I had arrived at the start in good time so I was ready to go and was soon in the line waiting for my grid which was grid 16. The volunteer marshals were working overtime trying to check the paddlers off and get them on the water and by the time my grid was called there was little time between getting on the water and the start. The 6 on the grid system every 30 seconds got paddlers away faster but it was hard to reach the start line on time. And being a kayaker you need a bit more time and bank space to balance your kayak and put the spray deck on.
I was however okay but my rival Sue Quick who was also paddling a WW kayak and was 40 seconds ahead of me on day 1, was a few seconds late getting to the line. For me that was to my advantage, for her it could cost her the race.
Our grid took off. Unlike last year when we had four paddlers and the other three let me go first so I could show them the way. This year the paddlers weren’t so obliging but I think I was the third paddler to enter the first set of T trees. Not far into the trees I noticed Sue had gone right and I took the left route.
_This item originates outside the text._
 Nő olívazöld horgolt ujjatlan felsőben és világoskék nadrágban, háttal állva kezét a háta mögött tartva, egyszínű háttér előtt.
Within 75 metres or so I was in front of her which was great, I just had to keep there for the next 70 odd kilometres and I would beat her. This year Sue has been training hard and although she had passed me in the Northam to Toodyay race I managed to pass her on the portage and beat her, but the last two 10km Ascot races she has beaten me so I couldn’t be complacent. She beat me yesterday by 40 seconds, she started 30 seconds in front of me this morning so at this point we were level but I couldn’t let her pass and I had to beat her by 11 seconds to win. The pressure was on.
I came to a log that I knew I had to jump but there were two paddlers already stuck on it. We were less than 100 metres from the start and I had to hold back. It is usually a simple thing to jump a log but it seems the other two boats hadn’t gathered enough speed and were just sitting on it. When it was clear I powered on and cleared the log. Not too much further Helke and Tess in a double kayak were stationary on the right side of the channel. Tess had a bush branch across her chest and was unable to move forward or backwards. Luckily there was enough room to the left of them to get through. Apparently they got abused by one paddler for being stuck. They eventually had to get out of the kayak and drag it through the T trees.
Once clear of the first set of T trees we had an open section before we hit the second and thicker lot of trees. The nightmare of letting 6 paddlers go every 30 seconds continued. Paddlers were so close to each other they were clipping each other’s stern catapulting them across the channel. The route was soon blocked as a mass of paddlers were desperately trying to move forward making the blockage even worse. It was one big traffic jam. Of course some paddlers were capsized or swimming and inevitably their boats were strewn across the channel so no one could move and the paddlers from behind just kept coming.
It used to be like this back 10 to 15 years ago but more recently because the T tree channels have opened up and 4 paddlers went off on a grid it has been much better. Back in the 70s/80s I could run around this section and get back in the kayak before other kayaks came through the trees. I should have done it this year, but I didn’t, so like many others I was stuck in the trees fighting for survival.
As you can imagine being capsized in a kayak is much worse than being capsized on a ski. You just can’t just jump back into a kayak especially when the cockpit opening is so small as mine. Emptying out and getting back in would be a mammoth job, especially in such an environment like the trees where you can’t find places to sit your boat. So you could imagine why I was praying that I wouldn’t get knocked over, I would lose a hell of a lot of time.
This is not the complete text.